Dimanche 11 octobre 2015 - Anniversaire de la Dédicace (28e dimanche de l’année B)

Il n’est de richesses que d’hommes

Sagesse 7,7-11 - Psaume 89,12-17 - 1 Corinthiens 3,9b-11.16-17 (Hébreux 4,12-13) - Marc 10,17-30
dimanche 11 octobre 2015.
 

Ce mot d’un politologue du 16e siècle qui a fait fortune auprès des DRH d’aujourd’hui dérive d’une phrase intéressante à rappeler dans son entièreté : « Or, il ne faut jamais craindre qu’il y ait trop de sujets, trop de citoyens, vu qu’il n’y a richesse ni force que d’hommes » (Jean Bodin). Et nous, en bons bodinistes, ne craignons jamais qu’il y ait trop de paroissiens.

Alors, combien sommes-nous ? Un millier, sans doute. Sans compter le deuxième millier de fidèles venus à une autre messe de ce dimanche, ni les nombreux habitués qui sont ailleurs ce WE. Sans oublier tous ceux qui nous ont précédés dans cette église, depuis l’an 1870. Ils sont vivants pour Dieu, avec nous dans la communion des saints, ainsi que l’immense cohorte des disciples du Seigneur depuis l’origine, Pierre en tête.

Pierre, notre saint Patron, nous l’avons chanté à l’entrée de cette célébration en rappelant son histoire. Fils de Yonas qui le prénomma Simon ; frère d’André, son aîné dans la « carrière », qui l’amena à Jésus ; instruit par Marie-Madeleine, « l’Apôtre des Apôtres », de la résurrection du Seigneur ; aux prises avec Paul et Barnabé pour l’annonce de l’Évangile aux païens ; maître de Marc, selon la tradition, qui aurait recueilli son héritage doctrinal et tenu la plume pour lui. Bref, Pierre ne serait pas Pierre sans les autres.

En effet, nous sommes un corps uni, articulé et hiérarchiquement ordonné. C’est pourquoi l’architecture de cette église bien bâtie dont nous fêtons l’anniversaire de la Dédicace figure efficacement notre réalité. Notez que les chefs du peuple, les Apôtres, sont situés plutôt du côté des fondations de l’église que de la toiture : ils sont censés plutôt supporter les autres fidèles que peser sur eux. Notez encore que l’église n’est pas un temple à la manière païenne, un monument à considérer du dehors, mais une maison à habiter et à faire vivre. Car notre corps ecclésial n’est pas une statue que nous nous plairions à admirer comme dans un miroir - ce serait de l’idolâtrie, cette idolâtrie qui est toujours de soi-même - mais un organisme plein de vitalité et de dynamisme pour la mission que le Seigneur confie à son Église : nous sommes appelés à agir pour sauver l’homme en son nom. Nous sommes porteur du Nom en ce monde. Pour cela, un corps petit mais bien uni et nourri de la Parole vaut mieux qu’une masse de granules indépendants qui s’écroule à la première secousse.
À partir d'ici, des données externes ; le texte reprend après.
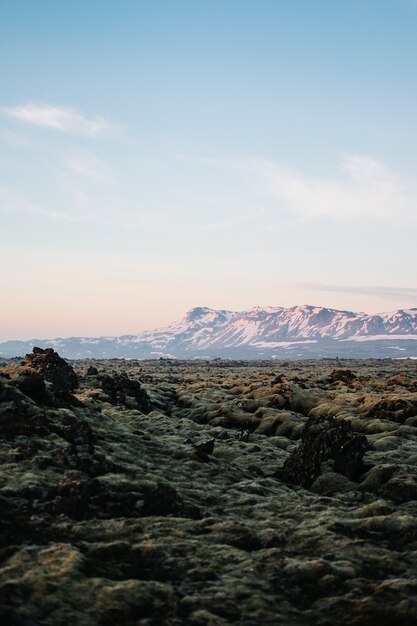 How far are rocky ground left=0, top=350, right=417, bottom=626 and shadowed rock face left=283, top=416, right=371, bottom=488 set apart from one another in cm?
8

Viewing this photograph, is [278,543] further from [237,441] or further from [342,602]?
[237,441]

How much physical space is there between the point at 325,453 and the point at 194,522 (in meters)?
12.9

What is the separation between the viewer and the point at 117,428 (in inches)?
1425

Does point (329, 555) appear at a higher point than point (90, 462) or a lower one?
lower

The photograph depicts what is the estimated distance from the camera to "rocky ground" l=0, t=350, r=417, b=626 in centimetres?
1523

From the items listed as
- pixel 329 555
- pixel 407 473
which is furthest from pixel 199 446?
pixel 329 555

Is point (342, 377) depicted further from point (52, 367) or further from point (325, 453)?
point (325, 453)

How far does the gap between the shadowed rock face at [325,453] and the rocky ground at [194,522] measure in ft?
0.26

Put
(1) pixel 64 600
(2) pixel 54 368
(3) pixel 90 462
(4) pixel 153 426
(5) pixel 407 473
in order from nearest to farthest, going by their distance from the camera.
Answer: (1) pixel 64 600 → (3) pixel 90 462 → (5) pixel 407 473 → (4) pixel 153 426 → (2) pixel 54 368

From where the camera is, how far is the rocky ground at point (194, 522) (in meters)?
15.2

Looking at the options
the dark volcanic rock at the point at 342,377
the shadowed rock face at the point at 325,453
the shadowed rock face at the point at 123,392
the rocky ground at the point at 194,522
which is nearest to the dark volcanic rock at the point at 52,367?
the shadowed rock face at the point at 123,392

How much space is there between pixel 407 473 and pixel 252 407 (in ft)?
78.8

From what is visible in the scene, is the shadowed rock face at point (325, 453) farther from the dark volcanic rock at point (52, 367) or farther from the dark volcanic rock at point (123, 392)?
the dark volcanic rock at point (52, 367)

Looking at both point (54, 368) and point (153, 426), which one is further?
point (54, 368) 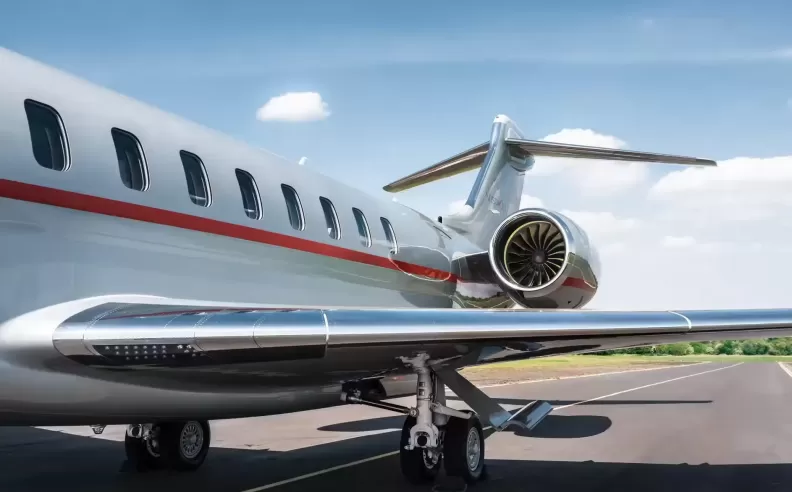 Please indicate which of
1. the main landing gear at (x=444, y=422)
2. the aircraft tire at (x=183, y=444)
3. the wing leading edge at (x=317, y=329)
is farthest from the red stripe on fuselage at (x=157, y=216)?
the aircraft tire at (x=183, y=444)

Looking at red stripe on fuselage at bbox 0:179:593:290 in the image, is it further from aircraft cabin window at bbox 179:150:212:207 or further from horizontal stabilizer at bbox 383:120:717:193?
horizontal stabilizer at bbox 383:120:717:193

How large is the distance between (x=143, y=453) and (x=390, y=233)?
12.9 ft

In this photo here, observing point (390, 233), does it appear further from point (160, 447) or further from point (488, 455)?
point (160, 447)

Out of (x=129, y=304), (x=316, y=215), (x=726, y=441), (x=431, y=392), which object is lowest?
(x=726, y=441)

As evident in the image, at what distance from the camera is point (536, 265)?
36.4 feet

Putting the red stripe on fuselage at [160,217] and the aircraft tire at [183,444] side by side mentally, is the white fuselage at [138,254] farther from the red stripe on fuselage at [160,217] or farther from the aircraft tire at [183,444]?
the aircraft tire at [183,444]

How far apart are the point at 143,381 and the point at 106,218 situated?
1158 millimetres

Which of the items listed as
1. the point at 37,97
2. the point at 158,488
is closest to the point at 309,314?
the point at 37,97

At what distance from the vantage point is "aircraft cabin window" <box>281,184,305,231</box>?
778cm

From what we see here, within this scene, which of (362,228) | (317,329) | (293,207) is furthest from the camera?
(362,228)

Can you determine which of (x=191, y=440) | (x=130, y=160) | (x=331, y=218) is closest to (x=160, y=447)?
(x=191, y=440)

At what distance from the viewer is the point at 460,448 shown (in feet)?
27.3

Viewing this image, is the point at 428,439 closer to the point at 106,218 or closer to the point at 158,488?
the point at 158,488

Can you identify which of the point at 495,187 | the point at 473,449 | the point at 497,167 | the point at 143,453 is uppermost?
the point at 497,167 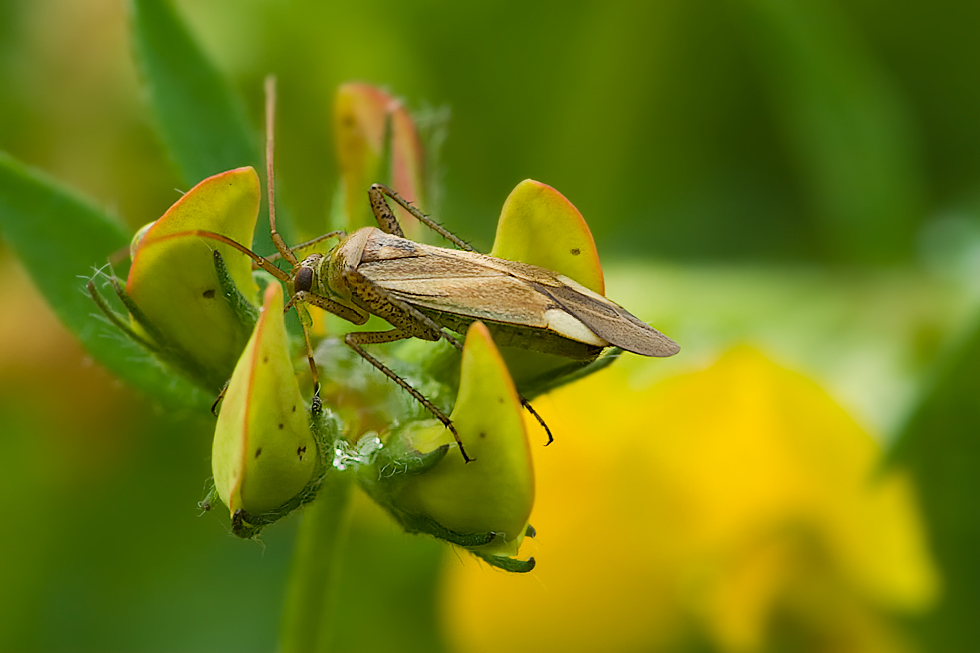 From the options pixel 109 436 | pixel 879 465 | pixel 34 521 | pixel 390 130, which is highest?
pixel 390 130

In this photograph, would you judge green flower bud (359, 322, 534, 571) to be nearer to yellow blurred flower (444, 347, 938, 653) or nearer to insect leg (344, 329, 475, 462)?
insect leg (344, 329, 475, 462)

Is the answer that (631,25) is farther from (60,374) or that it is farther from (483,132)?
(60,374)

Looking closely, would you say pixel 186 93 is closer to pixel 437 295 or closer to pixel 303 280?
pixel 303 280

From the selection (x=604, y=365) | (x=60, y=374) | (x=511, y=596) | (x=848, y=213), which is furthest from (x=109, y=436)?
(x=848, y=213)

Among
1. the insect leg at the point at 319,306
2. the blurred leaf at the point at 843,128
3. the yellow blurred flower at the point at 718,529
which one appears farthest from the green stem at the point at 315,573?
the blurred leaf at the point at 843,128

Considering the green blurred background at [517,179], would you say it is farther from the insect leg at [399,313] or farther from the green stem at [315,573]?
the green stem at [315,573]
Et Pierre - c’est bien lui, cette fougue ! - de demander : « Qu’y aura-t-il pour nous qui avons tout quitté pour te suivre ? » La réponse du Christ est de promettre tout, mais surtout des richesses d’hommes : frères, sœurs, mères et enfants. Nous comprenons, bien sûr, qu’il s’agit de toute cette famille nouvelle qui nous échoie en partage par le baptême. Mais profitons-nous vraiment de ces richesses-là ?
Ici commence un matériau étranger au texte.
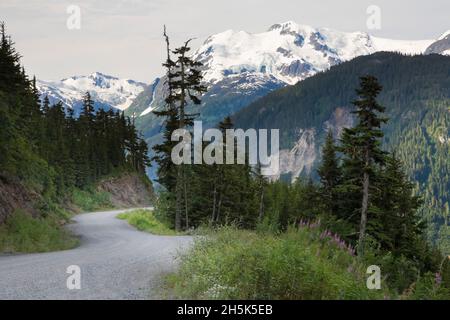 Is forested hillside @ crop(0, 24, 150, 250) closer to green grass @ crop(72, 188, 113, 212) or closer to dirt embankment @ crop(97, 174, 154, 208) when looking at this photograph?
green grass @ crop(72, 188, 113, 212)

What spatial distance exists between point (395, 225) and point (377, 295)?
82.9ft

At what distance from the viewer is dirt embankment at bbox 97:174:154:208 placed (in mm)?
79938

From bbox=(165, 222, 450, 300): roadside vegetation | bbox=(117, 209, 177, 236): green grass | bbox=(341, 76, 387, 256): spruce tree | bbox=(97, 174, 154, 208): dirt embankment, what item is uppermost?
bbox=(341, 76, 387, 256): spruce tree

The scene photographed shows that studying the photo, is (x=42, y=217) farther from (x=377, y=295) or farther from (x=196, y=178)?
(x=377, y=295)

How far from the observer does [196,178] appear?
146 feet

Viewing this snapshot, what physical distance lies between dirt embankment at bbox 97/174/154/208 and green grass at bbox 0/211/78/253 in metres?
52.6

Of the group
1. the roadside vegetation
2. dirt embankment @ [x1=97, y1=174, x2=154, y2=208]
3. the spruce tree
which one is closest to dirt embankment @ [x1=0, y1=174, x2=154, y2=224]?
dirt embankment @ [x1=97, y1=174, x2=154, y2=208]

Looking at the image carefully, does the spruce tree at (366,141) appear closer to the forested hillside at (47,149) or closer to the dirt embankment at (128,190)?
the forested hillside at (47,149)

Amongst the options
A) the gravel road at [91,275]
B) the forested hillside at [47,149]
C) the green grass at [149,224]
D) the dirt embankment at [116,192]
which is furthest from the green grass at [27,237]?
the green grass at [149,224]

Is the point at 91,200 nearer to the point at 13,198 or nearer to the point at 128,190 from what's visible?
the point at 128,190

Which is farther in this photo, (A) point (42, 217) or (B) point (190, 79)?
(B) point (190, 79)

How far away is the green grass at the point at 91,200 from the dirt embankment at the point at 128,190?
195cm

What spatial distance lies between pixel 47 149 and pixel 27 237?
40.1 metres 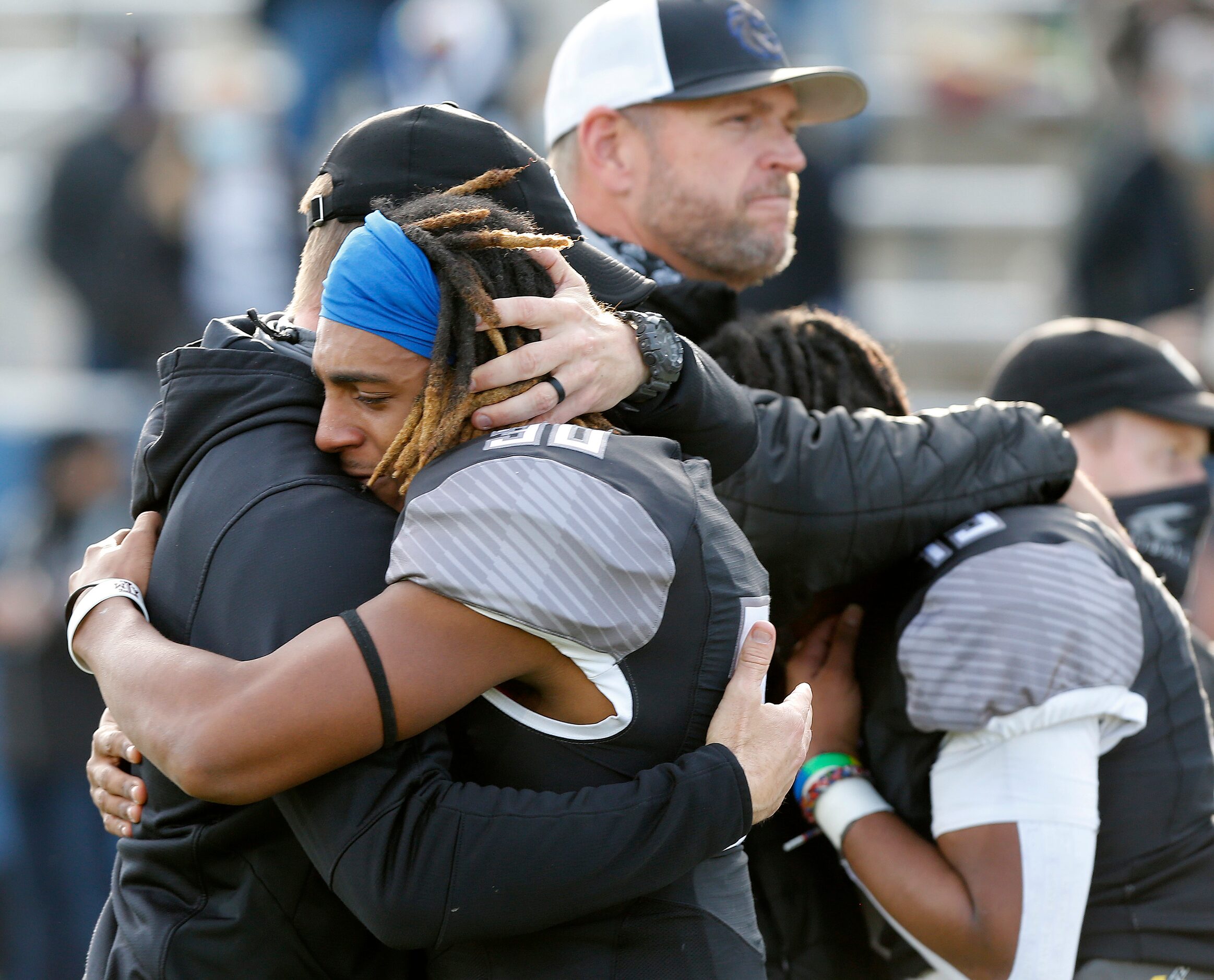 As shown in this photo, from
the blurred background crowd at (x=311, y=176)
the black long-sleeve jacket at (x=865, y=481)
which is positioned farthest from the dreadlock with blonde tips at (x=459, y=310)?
the blurred background crowd at (x=311, y=176)

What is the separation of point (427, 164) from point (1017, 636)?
1.08 metres

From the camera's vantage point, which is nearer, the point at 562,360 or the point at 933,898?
the point at 562,360

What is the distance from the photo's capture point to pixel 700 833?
1.64 meters

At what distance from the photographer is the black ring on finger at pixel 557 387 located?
1.73 m

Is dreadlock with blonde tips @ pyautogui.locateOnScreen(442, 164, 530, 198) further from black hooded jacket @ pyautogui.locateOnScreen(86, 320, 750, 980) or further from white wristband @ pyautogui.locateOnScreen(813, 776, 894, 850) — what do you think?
white wristband @ pyautogui.locateOnScreen(813, 776, 894, 850)

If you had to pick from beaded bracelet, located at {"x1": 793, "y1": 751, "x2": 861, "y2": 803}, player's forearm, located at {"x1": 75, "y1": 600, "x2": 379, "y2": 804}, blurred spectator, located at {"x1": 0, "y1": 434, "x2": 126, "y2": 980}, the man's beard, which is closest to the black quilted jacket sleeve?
beaded bracelet, located at {"x1": 793, "y1": 751, "x2": 861, "y2": 803}

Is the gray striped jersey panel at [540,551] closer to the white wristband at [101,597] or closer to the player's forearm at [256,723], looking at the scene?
the player's forearm at [256,723]

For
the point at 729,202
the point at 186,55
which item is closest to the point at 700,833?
the point at 729,202

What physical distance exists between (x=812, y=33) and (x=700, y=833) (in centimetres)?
662

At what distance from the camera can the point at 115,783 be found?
192 cm

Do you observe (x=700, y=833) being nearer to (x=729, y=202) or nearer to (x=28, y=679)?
(x=729, y=202)

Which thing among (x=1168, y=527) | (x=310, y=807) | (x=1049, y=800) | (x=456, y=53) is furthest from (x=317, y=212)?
(x=456, y=53)

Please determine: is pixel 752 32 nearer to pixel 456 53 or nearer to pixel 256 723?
pixel 256 723

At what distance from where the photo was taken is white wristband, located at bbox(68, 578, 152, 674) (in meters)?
1.77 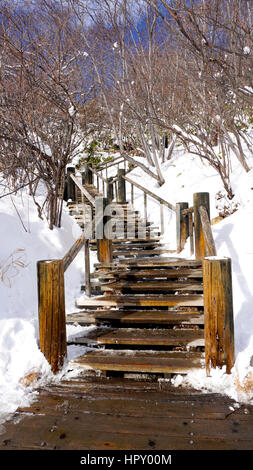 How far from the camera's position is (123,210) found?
10906 mm

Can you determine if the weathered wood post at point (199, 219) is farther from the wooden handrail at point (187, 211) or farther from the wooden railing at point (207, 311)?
the wooden railing at point (207, 311)

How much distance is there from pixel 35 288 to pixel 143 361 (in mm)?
2334

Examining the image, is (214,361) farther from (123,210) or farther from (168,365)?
(123,210)

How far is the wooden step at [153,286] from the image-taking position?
15.8 feet

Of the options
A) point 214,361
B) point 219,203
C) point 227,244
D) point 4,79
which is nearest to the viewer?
point 214,361

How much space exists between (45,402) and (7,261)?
272cm

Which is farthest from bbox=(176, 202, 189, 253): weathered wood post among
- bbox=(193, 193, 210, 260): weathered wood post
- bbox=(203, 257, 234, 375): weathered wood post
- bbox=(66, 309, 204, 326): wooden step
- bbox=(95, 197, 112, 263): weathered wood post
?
bbox=(203, 257, 234, 375): weathered wood post

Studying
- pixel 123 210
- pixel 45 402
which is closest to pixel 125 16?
pixel 123 210

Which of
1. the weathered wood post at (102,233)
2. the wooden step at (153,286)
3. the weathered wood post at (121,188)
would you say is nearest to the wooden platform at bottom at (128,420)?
the wooden step at (153,286)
Par exemple : chaque dimanche de l’année vous pouvez voir le cousin Gontran ou la tante Gertrude. Mais aujourd’hui il nous est proposé de déjeuner avec des frères ou sœurs de la paroisse. Allons-nous répondre à l’invitation ? Saurons-nous au moins nous retrouver tout à l’heure pour le café gourmand au Centre paroissial ? Il s’agit de nouer et de consolider les liens vitaux qui nous unissent dans le Seigneur, rien de moins. Croyons-nous à l’Esprit Saint ?
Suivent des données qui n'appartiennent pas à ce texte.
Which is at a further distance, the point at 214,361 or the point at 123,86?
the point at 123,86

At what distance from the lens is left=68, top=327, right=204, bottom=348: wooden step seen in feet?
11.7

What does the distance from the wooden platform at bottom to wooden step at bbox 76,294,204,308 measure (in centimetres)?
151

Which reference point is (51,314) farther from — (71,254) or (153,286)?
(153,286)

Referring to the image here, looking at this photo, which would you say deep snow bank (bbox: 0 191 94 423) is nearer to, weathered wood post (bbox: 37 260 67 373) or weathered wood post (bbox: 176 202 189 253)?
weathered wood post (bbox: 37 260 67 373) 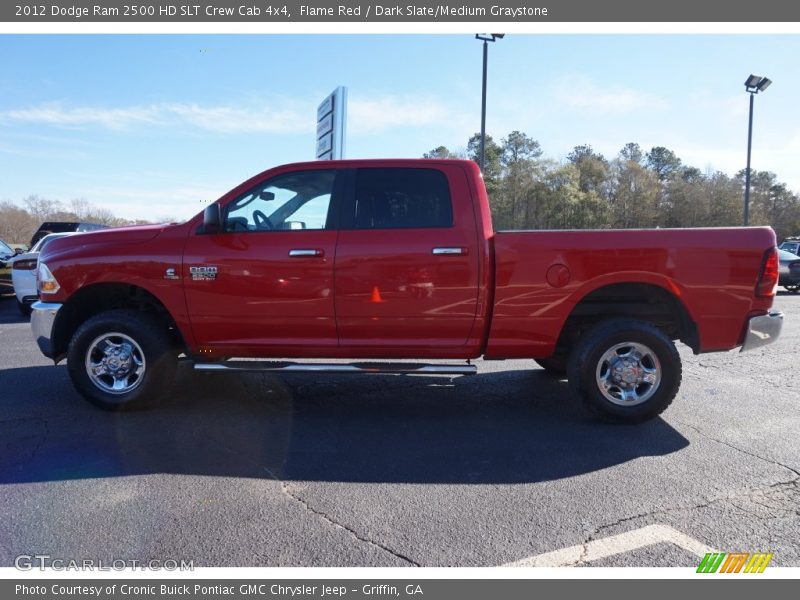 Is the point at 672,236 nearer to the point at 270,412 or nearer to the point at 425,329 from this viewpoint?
the point at 425,329

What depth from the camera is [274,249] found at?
467cm

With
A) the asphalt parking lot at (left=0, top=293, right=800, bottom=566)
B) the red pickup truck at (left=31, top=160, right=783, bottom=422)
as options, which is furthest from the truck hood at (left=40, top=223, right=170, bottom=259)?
the asphalt parking lot at (left=0, top=293, right=800, bottom=566)

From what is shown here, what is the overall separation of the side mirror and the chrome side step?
1123 millimetres

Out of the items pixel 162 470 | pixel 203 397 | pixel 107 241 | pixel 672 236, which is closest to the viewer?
pixel 162 470

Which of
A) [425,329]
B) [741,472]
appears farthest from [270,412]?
[741,472]

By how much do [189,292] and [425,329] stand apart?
1.99m

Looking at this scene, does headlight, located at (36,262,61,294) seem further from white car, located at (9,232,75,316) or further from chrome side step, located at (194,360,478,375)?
white car, located at (9,232,75,316)

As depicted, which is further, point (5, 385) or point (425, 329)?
point (5, 385)

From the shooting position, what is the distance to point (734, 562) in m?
2.71

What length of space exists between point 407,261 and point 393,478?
1.74 metres

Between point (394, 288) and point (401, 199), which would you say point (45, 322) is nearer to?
point (394, 288)

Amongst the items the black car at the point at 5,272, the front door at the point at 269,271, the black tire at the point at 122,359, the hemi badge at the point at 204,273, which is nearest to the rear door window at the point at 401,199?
the front door at the point at 269,271

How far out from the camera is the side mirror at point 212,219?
4.66 m

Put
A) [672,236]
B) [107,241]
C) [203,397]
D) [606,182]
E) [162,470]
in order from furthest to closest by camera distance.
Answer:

Croyons-nous, comme le Christ nous l’a dit, que la sève de l’Esprit coule en particulier dans les membres de l’Église lorsqu’ils sont bien unis et articulés dans la charité ? Si cette charité n’est pas d’abord simplement familiarité entre nous, pouvons-nous prétendre l’exercer auprès de ceux du dehors ? Pourquoi nous priver de l’Esprit Saint et rester pauvres d’amour fraternel ? Rendons grâce en vérité pour notre vie d’Église concrète où nous éprouvons que, de riche qu’il était, le Christ Jésus s’est fait pauvre pour nous enrichir de sa pauvreté.

Car il n’est de richesse éternelle que de ce pauvre homme qui est le Fils de Dieu.